Foto: Vera Marmelo
O músico está de regresso com dois discos que arriscam o absolutismo da rendição e do nosso espanto. Bruno Pernadas encarece a posição POP sobre o jazz, parte desse relato para algo completamente isolado e novo. Conta ao mundo uma nova história numa só certeza profunda de que, aqui, há um letreiro onde se inscrevem as seguintes palavras: isto é mesmo para sempre.
Se em 2014 respondemos em Portugal como um dos anos mais complexos e esgotantes na ideia de nacionalidade e todos os seus derivados, quer em matérias sociais, quer económicas; também sobre esse mesmo ano poderíamos dar voz à dor da gente com um disco de um, então, aparentemente desconhecido que, aí, dava cara, nome e músculo orquestral a uma das maiores viagens do seu tempo. Bruno Pernadas assinava How Can We Be Joyful In A World Full Of Knowledge e patrocinava-nos, num aparente desprendimento, o lugar do espaço todo com canções que nos encaminhavam tanto para uma descarada subjetividade literária, quanto para complexas e emaranhadas canções, em matéria de composição falando.
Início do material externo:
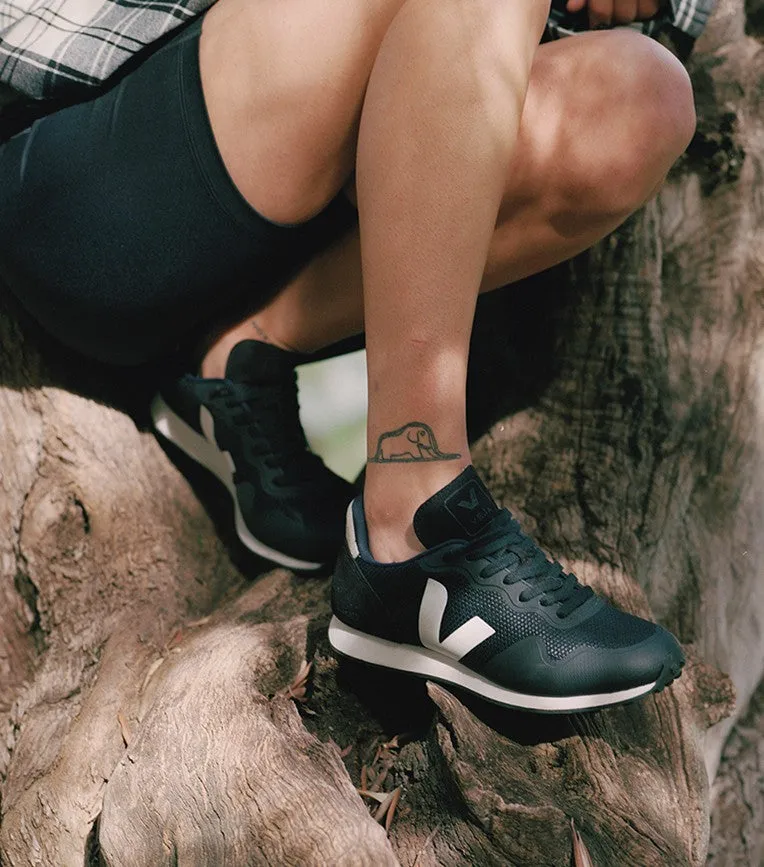 Women's SDU B-Mesh in Black from Veja Pilates Cool Show Stage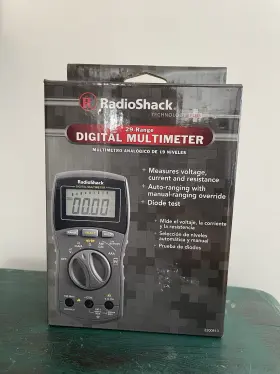 22813 RADIOSHACK Digital Multimeter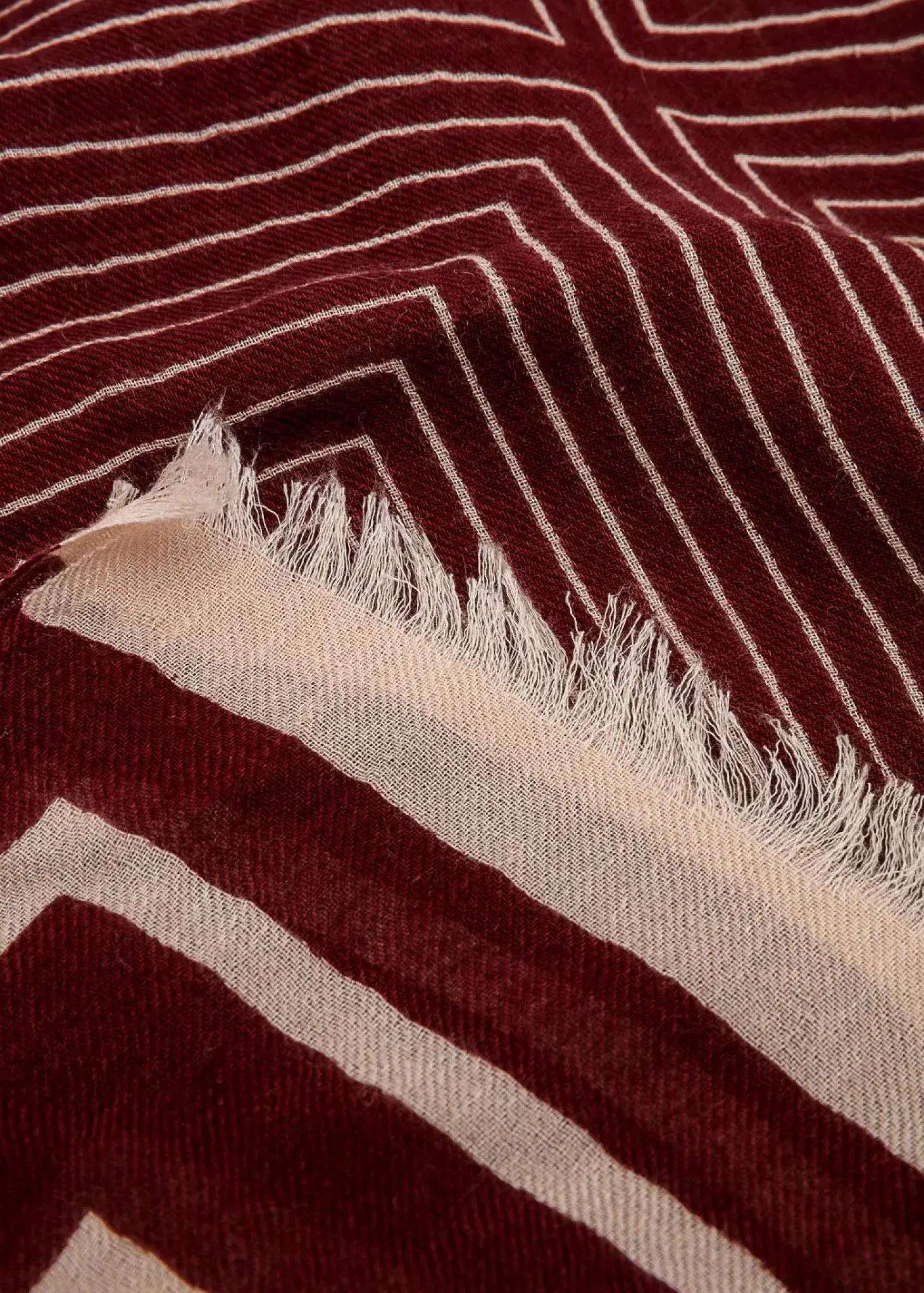 Mönstrad lång röd scarf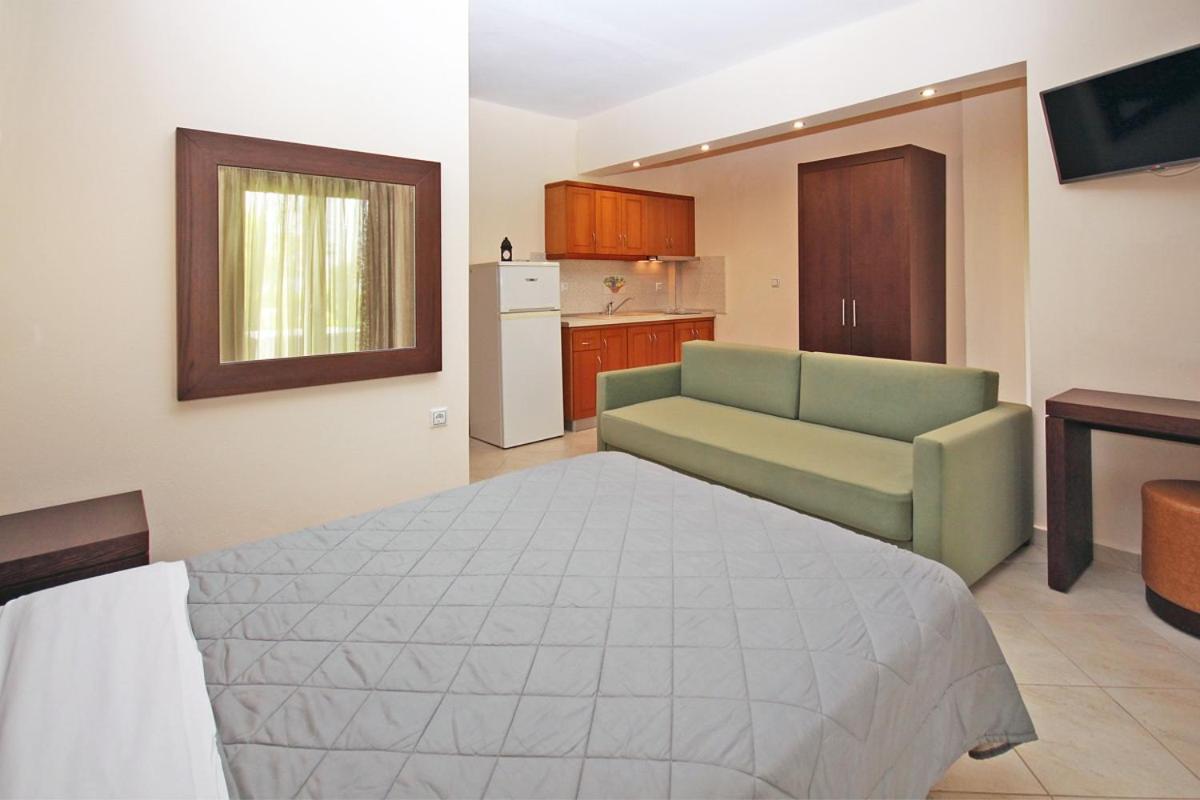 Stamos Apartments And Studios Vourvourou Kamer foto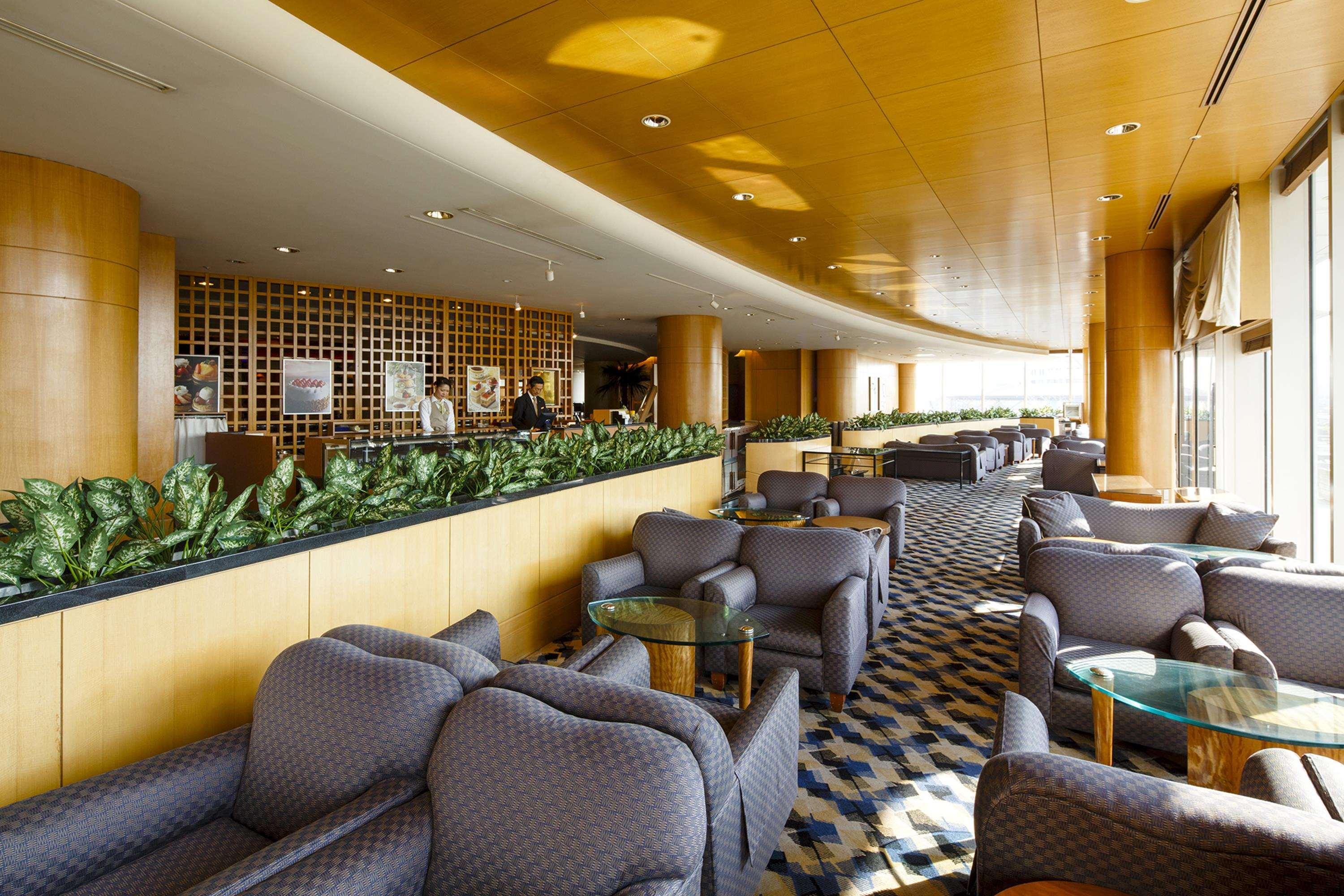 The Yokohama Bay Hotel Tokyu Exteriér fotografie The Goldair Lounge at Athens International Airport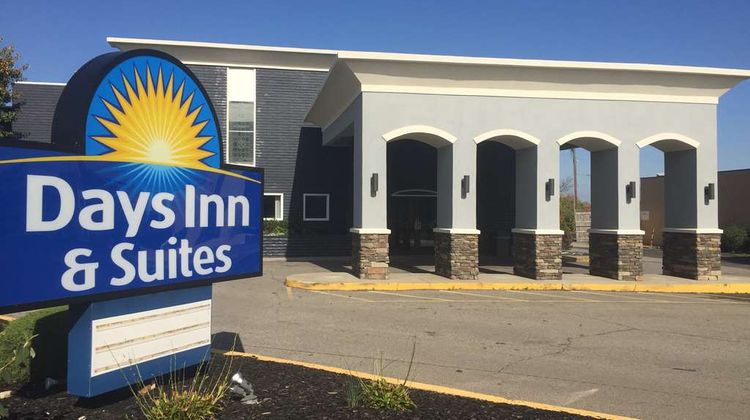 Days Inn & Suites Cincinnati North Exterior
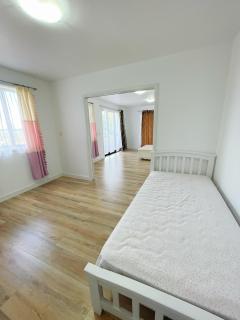 Family-friendly home near beach - Red Beach - 6
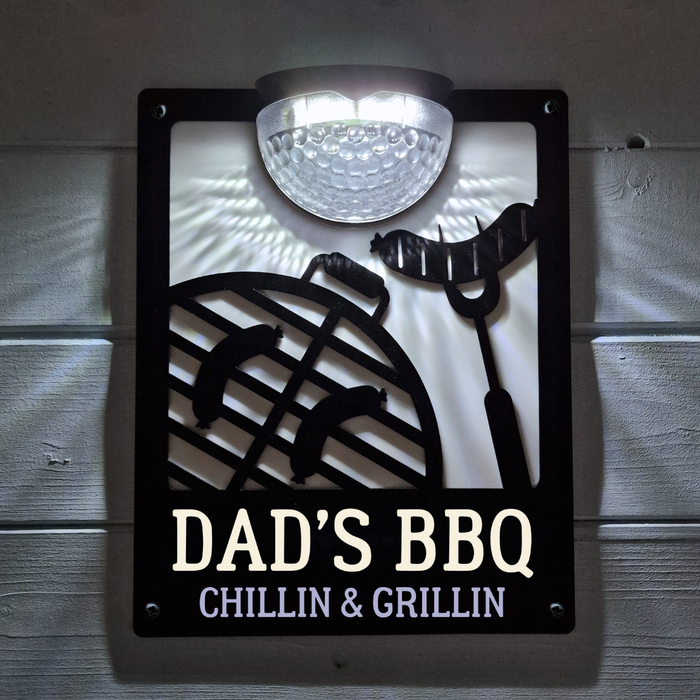 Dad's BBQ - Chillin 'n' Grillin' BBQ Solar Light Wall Plaque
O desafio para os mais ambiciosos seria a transposição disso em realidade concreta de palco, ao vivo, e aconteceu por vezes quase contadas pelas mãos. O carácter de superbanda e dessa hipérbole de sentir traria um quase encriptamento dentro do já concreto mundo de Pernadas. Para os mais cépticos também a superação desse primeiro grande disco passaria, necessariamente, pelo processo tremendamente decisor na longevidade que seria a replicação ou o pós-primeiro disco, estaria nessa sucessão a resposta de um génio ao seu tempo, à sua geração, à capacidade de dar ao mundo algo completamente novo.
Those Who Throw Objects At Crocodiles Will Be Asked To Retrieve Them, a nova proposta editorial de Pernadas, e precisamente dois anos depois da estreia, não vem sozinha, traz consigo ainda outro disco – Worst Summer Ever – a que já nos faltariam mãos para aqui tratá-lo com fulgor.
Dirigido o foco para as novas dez canções, duas delas breviários poéticos militantes do surrealismo, Pernadas atira a guitarra para um filamento menos espacial, segue a batuta aqui e acolá encarnada por uma espécie de assinatura assumidamente estilizada do seu sujeito musical. Bruno entra em devido reptilário para mostrar que, do jazz, faz debochar um maravilhoso discurso POP que, ainda que não encontre tanto FM quanto mereça, tantos plays quanto de fulgor nos apresenta, é um disco esculpido à revolução criativa que pisca olhos ao desassossego, à surpresa, à felicidade de ver acontecer música assim neste país.
Continua acompanhado Bruno Pernadas, com ele uma orquestra que desbrava territórios da cabeça de um homem só. Com ele, também, a desmultiplicação dos seus vários pontos narrativos, as atmosferas televisivas dos anos 70, a folk, age e as gravidades rock propostas em canções que crescem sem parar, avançam e pulam distintamente entre si, samplam-se numa órbita de aparente caos poético; revelações extraordinariamente belas para conseguir fixar com precisão e suficiente pulmão literário o que, na volta, serão elas mesmas capazes de fazer por nós. Infinito jogo de resultado pré-fixado.
Those Who Throw Objects At Crocodiles Will Be Asked encontra relevo numa superfície criativa entusiasmante, perpassa essa ligação entre as fronteiras escrita-reunião-gravação-finalização. O ato de constituição deste trabalho discográfico é, em si, uma valente história de amor, tem a épica nas personagens e histórias expostas, a sorte de um acaso que é existirem canções assim. Música assim. Felicidade assim.
Bruno Pernadas apresenta ao vivo, esta terça-feira (13 de Setembro), no Teatro Maria Matos o seu primeiro disco. Uma semana depois, 20 Setembro, o seu segundo ato discográfico. Sete dias separam duas dezenas de canções que vão contar o que de mais entusiasmante há para saber em 2016.
Tiago Ribeiro
–
* Tradutor desencorajado, descrente no sistema solar e amante de picanha mal passada, Tiago Ribeiro circula com cartão-de-cidadão caducado e não acredita em nada do que não vê. Escreve invertebradamente e pensa com regularidade sobre coisa nenhuma. Na Antena3 desde 2015 e no mundo desde que se inventou o Holoceno.